Since llist_add() unconditionally writes `node->next = head->first`
(which is a stack address from the caller's frame), the two threads
corrupt each other's `node->next` pointer.  When
ext4_put_ea_inode_llist() later traverses the list, it follows a
dangling next pointer into freed/concurrent stack memory, causing the
EA inode to be silently skipped during deferred iput processing.

=== Reproduction ===

Kernel: 7.1.0-next-20260624-gb27bd6a65c17 #1 SMP PREEMPT_RT
Config: CONFIG_EXT4_FS=y, CONFIG_EXT4_FS_POSIX_ACL=y, CONFIG_KASAN=y
QEMU:   QEMU Standard PC (Q35 + ICH9, 2009)

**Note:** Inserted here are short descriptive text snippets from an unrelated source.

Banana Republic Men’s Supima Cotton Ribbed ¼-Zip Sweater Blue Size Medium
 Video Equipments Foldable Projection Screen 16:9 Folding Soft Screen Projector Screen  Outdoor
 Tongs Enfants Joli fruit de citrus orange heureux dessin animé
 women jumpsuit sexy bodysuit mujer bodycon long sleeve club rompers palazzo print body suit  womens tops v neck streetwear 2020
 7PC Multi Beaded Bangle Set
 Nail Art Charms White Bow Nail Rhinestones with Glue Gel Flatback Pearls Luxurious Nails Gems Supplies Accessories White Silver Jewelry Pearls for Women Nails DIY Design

The PoC creates two files sharing the same large xattr value (thus
sharing the same EA inode), then concurrently unlinks them from two
pthreads synchronized by a barrier on the same CPU.  This triggers the
llist_add() race on the shared i_ea_iput_node, leaving the EA inode
unprocessed.  The EA inode (nlink=0) sits on the orphan list, and
umount hits the BUG() assertion.


Thank you very much for testing and sharing the PoC. I used it to verify the issue and found a pre-existing bug (fixed by a new patch), but the issue reported by sashiko-ai could not be reproduced.

# ./repro-xiaowu
=== ext4 EA inode llist Race PoC ===
Iterations: 2000
Discarding device blocks: done
Creating filesystem with 16384 4k blocks and 16384 inodes

Allocating group tables: done
Writing inode tables: done
Creating journal (1024 blocks): done
Writing superblocks and filesystem accounting information: done

Filesystem ready at /mnt/ea_race
Starting race threads...
[ 44.741752][ T3761] EXT4-fs error (device loop0): ext4_xattr_inode_cache_find:1616: inode #14: comm repro-xiaowu: missing EA_INODE flag
[ 44.743426][ T3762] EXT4-fs error (device loop0): ext4_xattr_inode_cache_find:1616: inode #14: comm repro-xiaowu: missing EA_INODE flag
[ 44.923046][ T3762] EXT4-fs error (device loop0): ext4_xattr_inode_cache_find:1616: inode #14: comm repro-xiaowu: missing EA_INODE flag
[ 44.924562][ T3761] EXT4-fs error (device loop0): ext4_xattr_inode_cache_find:1616: inode #14: comm repro-xiaowu: missing EA_INODE flag

Race loop complete.
Check dmesg for crash evidence.
(none)
Done.

Thanks again,
Yun